On the other hand, living outside the threat of infectious disease can lead to immune system atrophy, which risks becoming an appendix-like relic, or perhaps disappear entirely. This atrophy can be caused not only by the absence of disease: during space flights, astronauts often suffer from immunosuppression, which is largely due to the stress associated with takeoff, landing and being in a confined space, but according to some reports, microgravity also plays a role here.
Immunocompromised Martians will face life-threatening diseases if they return to Earth, and humans who come from Earth risk destroying the entire Martian colony if they bring any disease with them. The risks associated with illnesses that do not show obvious symptoms, as is usually the case with sexually transmitted infections such as HIV or chlamydia, will be especially high. Close personal contact - like sex - between Earthlings and Martians would be very risky.
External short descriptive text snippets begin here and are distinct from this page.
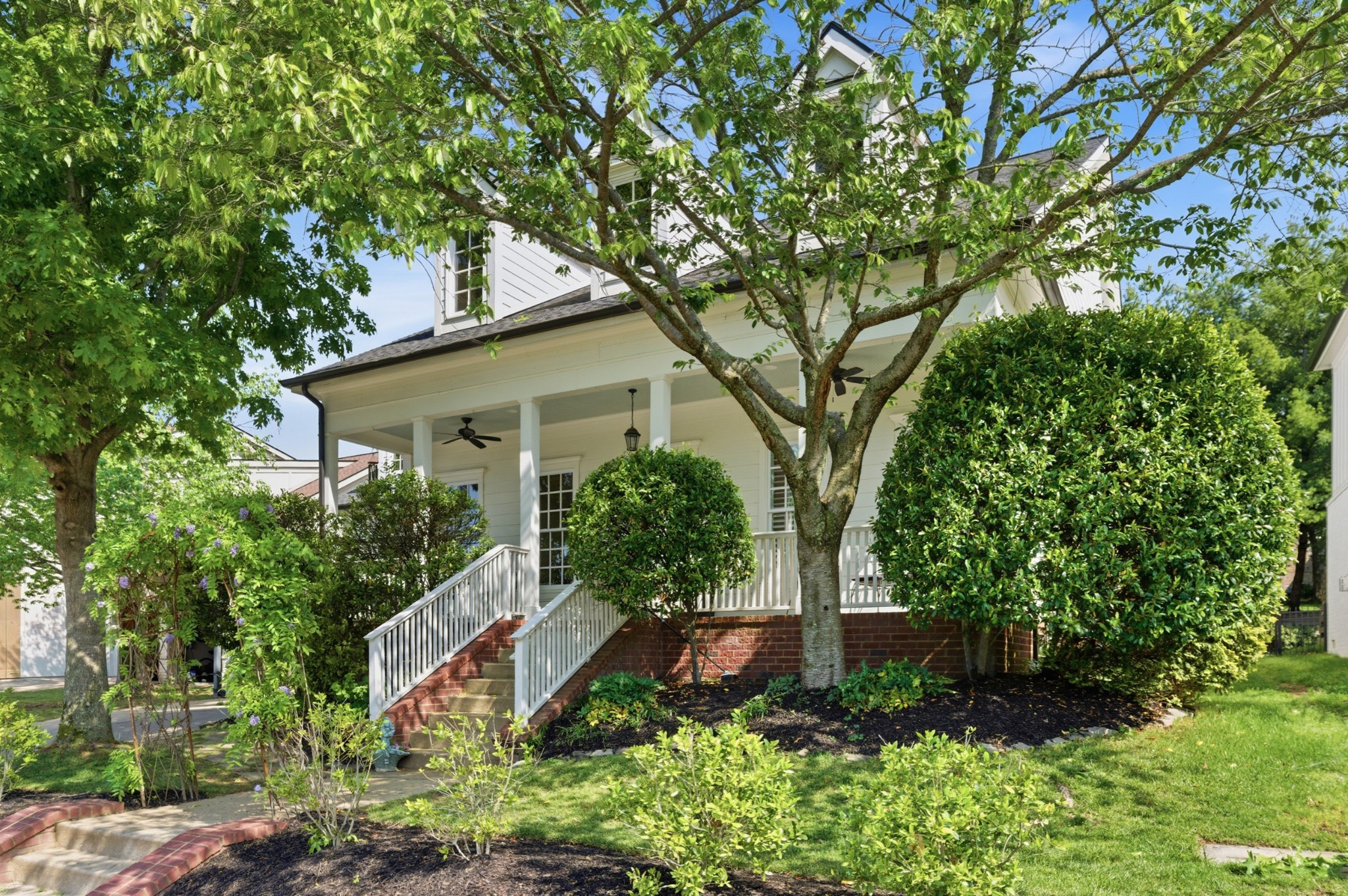 2020 Callaway Park Pl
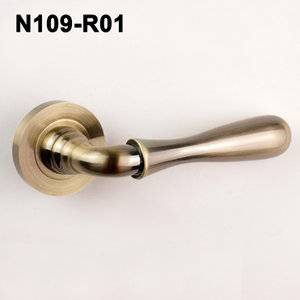 Entrance Handle,door pull up bar,door frame pull up bar,door jamb pull up bar,door pull,door pull handle,glass door knobs,glass door pull,stainless steel door pull,wooden door knob,door handle manufacturer,entrance door knob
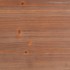 Mueble para TV blanco 120x30x40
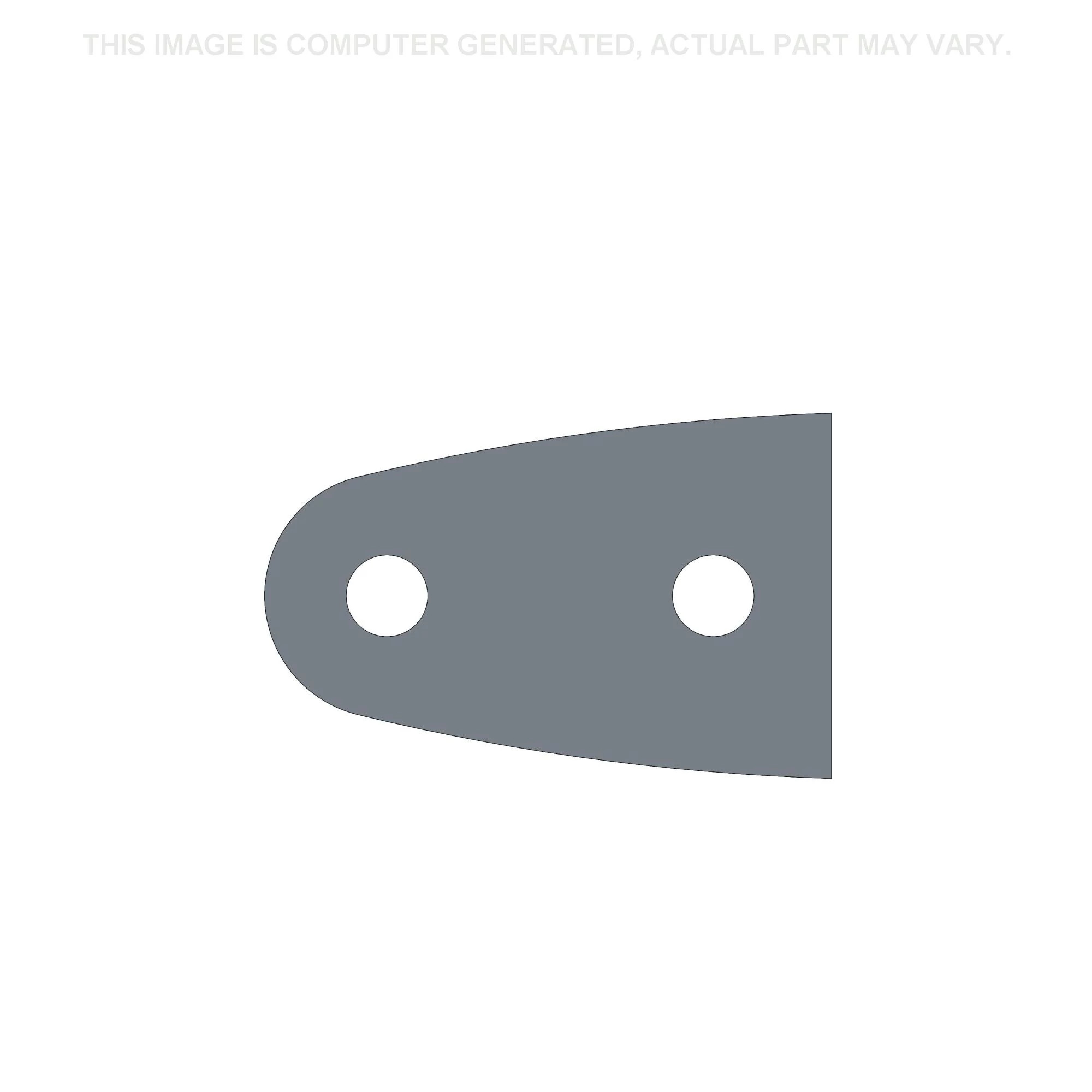 ARA HALKASI | CASEIH | AMEA | EN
Put it all together: the ban on sexual intercourse between Earthlings and Martians, the founder effect, changes in the microbiome, natural selection in the harsh conditions of the Martian environment, plus weak gravity - and it becomes clear to you: the settlement of Mars will ultimately lead to the development of a completely new human species … This is a common phenomenon in the world of animals and plants isolated on the islands - remember the famous Darwin's finches. But while speciation on islands can take thousands of years, the accelerated mutation rates on Mars and the stark contrast between living conditions on Mars and on Earth are likely to accelerate the process. In just a few hundred generations - perhaps as little as six thousand years - a new species of man could emerge.
In 1950, Ray Bradbury published a series of related short stories called The Martian Chronicles, in which he portrayed a distant future in which Mars is colonized by people who have long lost all interest in and connection to Earth. The Martians Bradbury have brown skin and yellow eyes. "Have you ever thought about - well, about whether people live on a third planet?" - asks one of the Martians. “The third planet is not habitable,” her husband replies. "Our scientists say there is too much oxygen in its atmosphere."
Bradbury's fiction may well be prophetic. If the Earth is hit by some serious disasters, the colonization of Mars in the long term may be a necessary condition for our survival. However, a strategy to preserve the human species can ultimately change us forever.
Scott Solomon is a biologist and scientific writer based in Houston. He teaches ecology, evolutionary biology and scientific communication at Rice University, where he is a professor in the Department of Biosciences. His first book Future Humans: Inside the Science of Our Continuing Evolution was published on October 25, 2016 by Yale University Press.